§ Task objective: Print the listing below only from the line that has "This is a quick" through the line that has "What is happening", exactly, and drop any picture.

§ Source material:
=-=-=-=-=
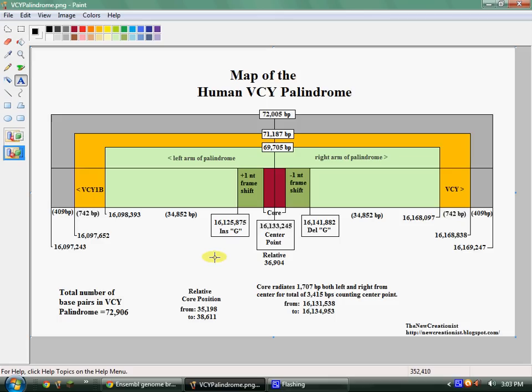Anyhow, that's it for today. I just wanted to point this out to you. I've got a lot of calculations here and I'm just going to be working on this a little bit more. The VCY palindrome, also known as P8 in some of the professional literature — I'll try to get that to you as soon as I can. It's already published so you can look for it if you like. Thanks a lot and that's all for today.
=-=-=-=-=
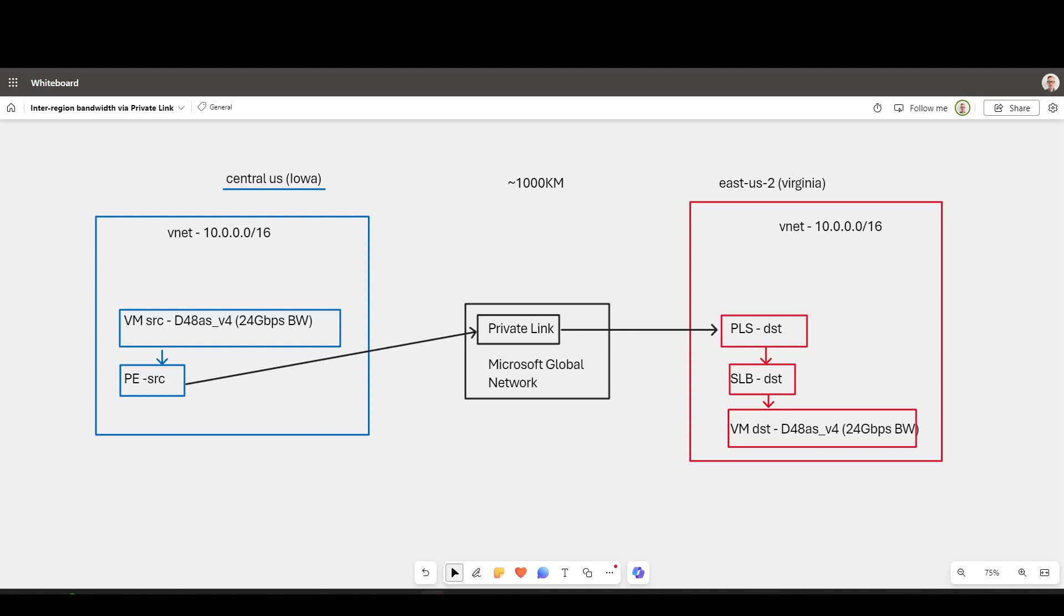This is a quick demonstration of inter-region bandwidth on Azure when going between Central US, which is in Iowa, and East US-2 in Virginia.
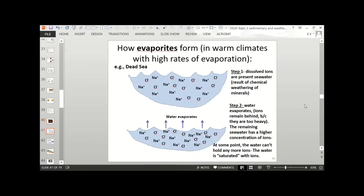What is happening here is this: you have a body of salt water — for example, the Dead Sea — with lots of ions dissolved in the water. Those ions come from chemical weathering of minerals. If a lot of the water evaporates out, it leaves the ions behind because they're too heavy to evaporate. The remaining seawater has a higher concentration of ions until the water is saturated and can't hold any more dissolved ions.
=-=-=-=-=
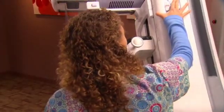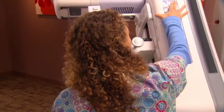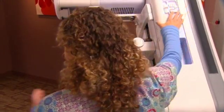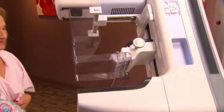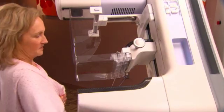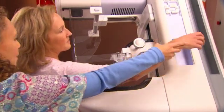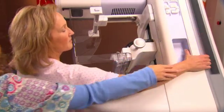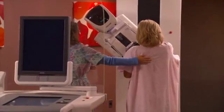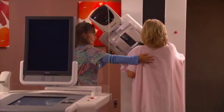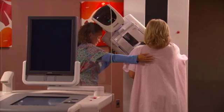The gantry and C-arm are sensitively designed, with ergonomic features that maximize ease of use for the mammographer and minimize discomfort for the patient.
=-=-=-=-=
§ Completed exercise:
This is a quick demonstration of inter-region bandwidth on Azure when going between Central US, which is in Iowa, and East US-2 in Virginia.
What is happening here is this: you have a body of salt water — for example, the Dead Sea — with lots of ions dissolved in the water. Those ions come from chemical weathering of minerals. If a lot of the water evaporates out, it leaves the ions behind because they're too heavy to evaporate. The remaining seawater has a higher concentration of ions until the water is saturated and can't hold any more dissolved ions.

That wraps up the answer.